━━━ Dataset entries

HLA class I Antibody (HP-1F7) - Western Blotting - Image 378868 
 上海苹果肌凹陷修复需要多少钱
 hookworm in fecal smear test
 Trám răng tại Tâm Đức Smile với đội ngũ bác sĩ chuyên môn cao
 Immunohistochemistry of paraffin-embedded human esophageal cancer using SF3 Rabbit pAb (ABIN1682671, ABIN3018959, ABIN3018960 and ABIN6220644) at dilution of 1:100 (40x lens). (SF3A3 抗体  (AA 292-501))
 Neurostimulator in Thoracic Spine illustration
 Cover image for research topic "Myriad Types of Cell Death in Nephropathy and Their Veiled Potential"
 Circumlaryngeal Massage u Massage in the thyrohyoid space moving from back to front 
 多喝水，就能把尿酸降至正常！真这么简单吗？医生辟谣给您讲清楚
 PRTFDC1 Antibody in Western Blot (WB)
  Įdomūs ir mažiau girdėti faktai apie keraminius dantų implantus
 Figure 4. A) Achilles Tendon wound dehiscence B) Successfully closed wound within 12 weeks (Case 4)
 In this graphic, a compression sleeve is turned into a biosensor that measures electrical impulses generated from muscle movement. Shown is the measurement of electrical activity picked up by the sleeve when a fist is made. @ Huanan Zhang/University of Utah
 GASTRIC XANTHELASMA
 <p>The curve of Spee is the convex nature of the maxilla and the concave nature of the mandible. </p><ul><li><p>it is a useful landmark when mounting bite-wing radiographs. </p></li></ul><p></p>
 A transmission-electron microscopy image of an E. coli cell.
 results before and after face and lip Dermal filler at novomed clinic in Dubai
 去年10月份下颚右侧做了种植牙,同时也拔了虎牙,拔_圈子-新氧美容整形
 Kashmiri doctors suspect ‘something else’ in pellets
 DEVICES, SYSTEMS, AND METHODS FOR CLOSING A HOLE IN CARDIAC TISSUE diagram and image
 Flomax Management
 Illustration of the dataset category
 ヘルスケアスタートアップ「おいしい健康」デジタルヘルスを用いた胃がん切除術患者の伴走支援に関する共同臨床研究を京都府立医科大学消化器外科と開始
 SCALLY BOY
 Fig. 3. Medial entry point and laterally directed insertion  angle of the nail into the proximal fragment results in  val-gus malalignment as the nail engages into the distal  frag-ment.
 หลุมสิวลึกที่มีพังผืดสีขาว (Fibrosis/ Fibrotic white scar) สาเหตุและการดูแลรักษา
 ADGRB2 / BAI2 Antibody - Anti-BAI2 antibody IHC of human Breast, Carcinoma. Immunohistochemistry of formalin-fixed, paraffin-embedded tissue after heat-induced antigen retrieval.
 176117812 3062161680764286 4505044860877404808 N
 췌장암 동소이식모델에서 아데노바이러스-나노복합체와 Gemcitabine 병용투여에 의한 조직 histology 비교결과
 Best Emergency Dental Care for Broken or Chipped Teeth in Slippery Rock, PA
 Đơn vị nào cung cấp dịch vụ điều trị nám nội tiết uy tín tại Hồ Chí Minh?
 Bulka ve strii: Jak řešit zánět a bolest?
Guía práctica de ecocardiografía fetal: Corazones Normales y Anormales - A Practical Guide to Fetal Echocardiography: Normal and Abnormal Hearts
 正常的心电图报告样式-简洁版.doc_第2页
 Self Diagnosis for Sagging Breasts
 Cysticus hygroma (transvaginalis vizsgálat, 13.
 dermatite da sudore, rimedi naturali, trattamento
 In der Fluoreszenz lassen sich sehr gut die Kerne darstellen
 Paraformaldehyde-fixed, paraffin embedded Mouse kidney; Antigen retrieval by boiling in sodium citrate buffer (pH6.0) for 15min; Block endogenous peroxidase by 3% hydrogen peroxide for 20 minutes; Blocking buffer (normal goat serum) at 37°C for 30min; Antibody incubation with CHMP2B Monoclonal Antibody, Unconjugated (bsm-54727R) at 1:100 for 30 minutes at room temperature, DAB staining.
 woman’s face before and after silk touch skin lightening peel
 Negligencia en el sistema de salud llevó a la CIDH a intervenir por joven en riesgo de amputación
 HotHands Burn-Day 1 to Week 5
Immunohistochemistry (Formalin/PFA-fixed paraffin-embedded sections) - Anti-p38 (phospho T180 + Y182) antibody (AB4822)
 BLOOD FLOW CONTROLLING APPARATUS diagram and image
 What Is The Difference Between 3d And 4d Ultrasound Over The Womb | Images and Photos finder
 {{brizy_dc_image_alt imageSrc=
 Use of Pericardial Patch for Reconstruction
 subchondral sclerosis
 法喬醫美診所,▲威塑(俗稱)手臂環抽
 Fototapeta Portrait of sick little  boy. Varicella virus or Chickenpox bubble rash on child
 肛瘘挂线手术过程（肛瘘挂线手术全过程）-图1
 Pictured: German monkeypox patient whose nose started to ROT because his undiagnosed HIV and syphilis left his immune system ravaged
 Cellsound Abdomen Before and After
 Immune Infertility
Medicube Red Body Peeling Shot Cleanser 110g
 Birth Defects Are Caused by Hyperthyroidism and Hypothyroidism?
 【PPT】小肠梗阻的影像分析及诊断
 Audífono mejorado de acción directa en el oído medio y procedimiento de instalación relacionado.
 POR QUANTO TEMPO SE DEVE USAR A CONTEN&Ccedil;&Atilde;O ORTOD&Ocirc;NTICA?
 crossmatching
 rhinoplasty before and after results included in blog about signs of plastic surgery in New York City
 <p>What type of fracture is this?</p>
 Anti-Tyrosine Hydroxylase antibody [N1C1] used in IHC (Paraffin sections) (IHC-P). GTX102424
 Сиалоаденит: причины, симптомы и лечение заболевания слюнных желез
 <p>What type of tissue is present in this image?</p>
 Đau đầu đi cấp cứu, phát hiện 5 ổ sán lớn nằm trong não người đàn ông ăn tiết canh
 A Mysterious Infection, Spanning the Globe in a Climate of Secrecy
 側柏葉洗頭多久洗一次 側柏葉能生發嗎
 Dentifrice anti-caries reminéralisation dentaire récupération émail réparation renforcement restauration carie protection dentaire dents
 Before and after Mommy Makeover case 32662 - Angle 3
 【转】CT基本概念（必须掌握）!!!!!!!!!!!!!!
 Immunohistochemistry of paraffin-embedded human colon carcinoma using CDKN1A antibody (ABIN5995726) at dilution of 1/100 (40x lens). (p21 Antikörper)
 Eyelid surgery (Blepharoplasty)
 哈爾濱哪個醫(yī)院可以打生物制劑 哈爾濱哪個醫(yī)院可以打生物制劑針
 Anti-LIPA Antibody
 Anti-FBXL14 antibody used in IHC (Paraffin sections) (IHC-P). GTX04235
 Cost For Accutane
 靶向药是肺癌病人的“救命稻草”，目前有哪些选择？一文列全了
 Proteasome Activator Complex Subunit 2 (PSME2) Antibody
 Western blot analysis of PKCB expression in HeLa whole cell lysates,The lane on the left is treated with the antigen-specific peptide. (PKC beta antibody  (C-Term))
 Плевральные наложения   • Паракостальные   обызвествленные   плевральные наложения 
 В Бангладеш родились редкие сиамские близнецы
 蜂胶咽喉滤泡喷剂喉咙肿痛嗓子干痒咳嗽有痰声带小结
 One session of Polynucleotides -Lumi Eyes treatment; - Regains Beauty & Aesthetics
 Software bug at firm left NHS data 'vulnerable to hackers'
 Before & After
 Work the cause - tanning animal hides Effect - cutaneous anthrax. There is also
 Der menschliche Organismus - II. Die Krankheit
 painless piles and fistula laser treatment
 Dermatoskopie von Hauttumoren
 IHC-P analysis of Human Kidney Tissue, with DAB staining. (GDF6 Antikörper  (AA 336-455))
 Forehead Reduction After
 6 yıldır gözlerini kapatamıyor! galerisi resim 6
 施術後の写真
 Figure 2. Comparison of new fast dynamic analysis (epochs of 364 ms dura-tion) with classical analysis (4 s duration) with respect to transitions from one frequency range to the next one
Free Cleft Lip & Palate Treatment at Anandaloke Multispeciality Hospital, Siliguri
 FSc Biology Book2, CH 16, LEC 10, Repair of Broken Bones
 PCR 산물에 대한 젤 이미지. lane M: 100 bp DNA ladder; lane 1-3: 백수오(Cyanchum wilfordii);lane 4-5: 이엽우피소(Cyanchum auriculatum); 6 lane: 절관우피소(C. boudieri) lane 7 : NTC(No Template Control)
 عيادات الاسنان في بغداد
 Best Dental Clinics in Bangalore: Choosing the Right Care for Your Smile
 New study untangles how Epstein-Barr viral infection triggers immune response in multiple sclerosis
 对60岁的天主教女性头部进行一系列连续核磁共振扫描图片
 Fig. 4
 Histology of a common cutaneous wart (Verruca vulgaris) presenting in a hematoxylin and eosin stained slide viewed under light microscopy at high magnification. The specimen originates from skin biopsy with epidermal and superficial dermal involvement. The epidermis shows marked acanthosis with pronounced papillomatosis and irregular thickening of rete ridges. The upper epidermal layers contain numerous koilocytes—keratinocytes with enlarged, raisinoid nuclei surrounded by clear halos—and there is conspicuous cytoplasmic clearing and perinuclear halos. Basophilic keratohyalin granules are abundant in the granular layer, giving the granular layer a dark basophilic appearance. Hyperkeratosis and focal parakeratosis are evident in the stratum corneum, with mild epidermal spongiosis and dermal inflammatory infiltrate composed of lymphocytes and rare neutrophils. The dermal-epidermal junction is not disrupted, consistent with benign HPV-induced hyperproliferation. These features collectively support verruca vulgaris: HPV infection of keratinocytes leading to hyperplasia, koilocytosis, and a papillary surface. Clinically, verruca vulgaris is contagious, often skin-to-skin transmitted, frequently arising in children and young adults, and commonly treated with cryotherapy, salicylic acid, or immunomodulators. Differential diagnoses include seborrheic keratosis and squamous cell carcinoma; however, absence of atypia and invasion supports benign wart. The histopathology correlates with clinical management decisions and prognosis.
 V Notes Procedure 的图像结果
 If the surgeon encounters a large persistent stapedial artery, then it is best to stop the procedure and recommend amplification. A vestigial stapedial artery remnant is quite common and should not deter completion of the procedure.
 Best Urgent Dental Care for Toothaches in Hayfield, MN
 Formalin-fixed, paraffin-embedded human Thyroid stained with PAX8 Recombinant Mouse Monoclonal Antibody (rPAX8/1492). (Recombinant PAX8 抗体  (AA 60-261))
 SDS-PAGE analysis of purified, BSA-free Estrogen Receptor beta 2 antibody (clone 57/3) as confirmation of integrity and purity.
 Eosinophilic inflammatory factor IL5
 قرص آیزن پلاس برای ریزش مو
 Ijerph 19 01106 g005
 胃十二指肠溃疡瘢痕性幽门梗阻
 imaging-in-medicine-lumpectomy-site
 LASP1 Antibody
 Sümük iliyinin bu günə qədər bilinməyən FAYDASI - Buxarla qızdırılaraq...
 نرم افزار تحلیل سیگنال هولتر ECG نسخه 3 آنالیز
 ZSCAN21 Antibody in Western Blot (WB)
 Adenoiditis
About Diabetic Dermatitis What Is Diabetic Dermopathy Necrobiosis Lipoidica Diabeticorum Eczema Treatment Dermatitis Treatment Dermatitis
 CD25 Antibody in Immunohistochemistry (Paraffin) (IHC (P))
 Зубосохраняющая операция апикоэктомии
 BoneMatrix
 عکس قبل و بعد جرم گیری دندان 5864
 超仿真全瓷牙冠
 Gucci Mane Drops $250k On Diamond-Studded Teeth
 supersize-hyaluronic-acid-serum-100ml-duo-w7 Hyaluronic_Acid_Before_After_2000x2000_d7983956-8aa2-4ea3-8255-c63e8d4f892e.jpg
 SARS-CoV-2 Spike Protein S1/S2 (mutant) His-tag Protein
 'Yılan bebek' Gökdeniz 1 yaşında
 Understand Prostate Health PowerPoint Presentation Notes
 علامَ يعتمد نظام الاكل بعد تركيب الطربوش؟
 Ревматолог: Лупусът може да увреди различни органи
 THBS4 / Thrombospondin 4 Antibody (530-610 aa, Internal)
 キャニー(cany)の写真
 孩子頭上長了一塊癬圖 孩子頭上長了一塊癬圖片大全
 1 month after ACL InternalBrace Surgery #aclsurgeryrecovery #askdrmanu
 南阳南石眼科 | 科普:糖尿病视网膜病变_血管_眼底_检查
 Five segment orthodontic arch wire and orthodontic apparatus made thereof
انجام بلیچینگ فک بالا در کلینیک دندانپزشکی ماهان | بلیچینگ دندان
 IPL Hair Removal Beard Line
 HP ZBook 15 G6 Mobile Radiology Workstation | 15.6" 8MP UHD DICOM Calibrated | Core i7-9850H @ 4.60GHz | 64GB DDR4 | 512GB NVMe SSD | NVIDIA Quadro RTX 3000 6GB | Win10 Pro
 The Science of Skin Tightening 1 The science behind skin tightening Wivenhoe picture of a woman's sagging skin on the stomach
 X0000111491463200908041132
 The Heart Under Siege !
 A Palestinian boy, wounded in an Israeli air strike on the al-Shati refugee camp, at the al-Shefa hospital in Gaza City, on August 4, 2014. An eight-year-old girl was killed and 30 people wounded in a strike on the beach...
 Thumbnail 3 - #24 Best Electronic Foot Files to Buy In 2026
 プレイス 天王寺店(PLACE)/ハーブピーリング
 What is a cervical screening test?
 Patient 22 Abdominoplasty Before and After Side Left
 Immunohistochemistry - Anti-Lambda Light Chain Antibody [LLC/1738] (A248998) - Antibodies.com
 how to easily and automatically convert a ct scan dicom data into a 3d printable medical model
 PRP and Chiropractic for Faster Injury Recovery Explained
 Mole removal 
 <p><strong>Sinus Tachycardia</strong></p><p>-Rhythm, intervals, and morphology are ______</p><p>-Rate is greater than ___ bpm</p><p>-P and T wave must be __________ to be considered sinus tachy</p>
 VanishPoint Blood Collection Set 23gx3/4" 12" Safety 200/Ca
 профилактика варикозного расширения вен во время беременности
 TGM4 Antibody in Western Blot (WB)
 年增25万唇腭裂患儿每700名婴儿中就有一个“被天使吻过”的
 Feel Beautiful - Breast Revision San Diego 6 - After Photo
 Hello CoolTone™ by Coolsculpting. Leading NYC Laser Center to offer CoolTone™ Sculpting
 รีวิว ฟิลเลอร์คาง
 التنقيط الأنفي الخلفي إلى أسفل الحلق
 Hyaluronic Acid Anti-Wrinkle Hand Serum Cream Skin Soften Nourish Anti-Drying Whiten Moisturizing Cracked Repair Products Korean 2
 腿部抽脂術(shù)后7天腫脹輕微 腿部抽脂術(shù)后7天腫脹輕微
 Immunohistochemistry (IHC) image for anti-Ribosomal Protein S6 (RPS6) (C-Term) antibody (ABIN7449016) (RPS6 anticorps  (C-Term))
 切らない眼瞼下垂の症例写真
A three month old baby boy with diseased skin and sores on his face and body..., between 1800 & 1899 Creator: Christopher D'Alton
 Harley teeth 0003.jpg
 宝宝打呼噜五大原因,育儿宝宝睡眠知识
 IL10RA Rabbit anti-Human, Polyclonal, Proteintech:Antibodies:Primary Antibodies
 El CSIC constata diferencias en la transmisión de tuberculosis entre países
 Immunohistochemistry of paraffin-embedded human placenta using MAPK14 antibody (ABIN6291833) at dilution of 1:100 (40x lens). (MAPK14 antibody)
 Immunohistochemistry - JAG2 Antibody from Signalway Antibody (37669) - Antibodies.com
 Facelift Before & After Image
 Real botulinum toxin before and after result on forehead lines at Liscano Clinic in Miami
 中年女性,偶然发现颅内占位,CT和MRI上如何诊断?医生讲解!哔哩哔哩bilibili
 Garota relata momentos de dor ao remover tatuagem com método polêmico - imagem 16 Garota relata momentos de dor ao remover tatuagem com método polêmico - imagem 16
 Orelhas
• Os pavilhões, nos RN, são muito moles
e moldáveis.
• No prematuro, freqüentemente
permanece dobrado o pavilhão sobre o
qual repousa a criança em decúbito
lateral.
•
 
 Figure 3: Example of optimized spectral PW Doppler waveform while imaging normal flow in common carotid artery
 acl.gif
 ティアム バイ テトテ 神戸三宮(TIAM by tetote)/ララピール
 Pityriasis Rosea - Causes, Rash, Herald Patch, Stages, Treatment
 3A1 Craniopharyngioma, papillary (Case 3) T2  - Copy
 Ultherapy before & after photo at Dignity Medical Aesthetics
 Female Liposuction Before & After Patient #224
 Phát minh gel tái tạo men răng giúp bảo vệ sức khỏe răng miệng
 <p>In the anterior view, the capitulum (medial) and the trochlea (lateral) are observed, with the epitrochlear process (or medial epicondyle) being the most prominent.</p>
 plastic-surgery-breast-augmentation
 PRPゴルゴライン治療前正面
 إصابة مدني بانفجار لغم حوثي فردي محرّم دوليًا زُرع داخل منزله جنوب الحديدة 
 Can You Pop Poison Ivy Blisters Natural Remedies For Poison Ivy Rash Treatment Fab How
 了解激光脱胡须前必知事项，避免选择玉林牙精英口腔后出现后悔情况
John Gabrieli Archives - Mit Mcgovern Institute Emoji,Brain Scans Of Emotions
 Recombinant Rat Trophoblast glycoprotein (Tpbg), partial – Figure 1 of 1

━━━━━━

**Work request**
Where a line in the entries holds the word "What", copy that line.

**Response to this task**
 What Is The Difference Between 3d And 4d Ultrasound Over The Womb | Images and Photos finder
 <p>What type of fracture is this?</p>
 <p>What type of tissue is present in this image?</p>
About Diabetic Dermatitis What Is Diabetic Dermopathy Necrobiosis Lipoidica Diabeticorum Eczema Treatment Dermatitis Treatment Dermatitis
 What is a cervical screening test?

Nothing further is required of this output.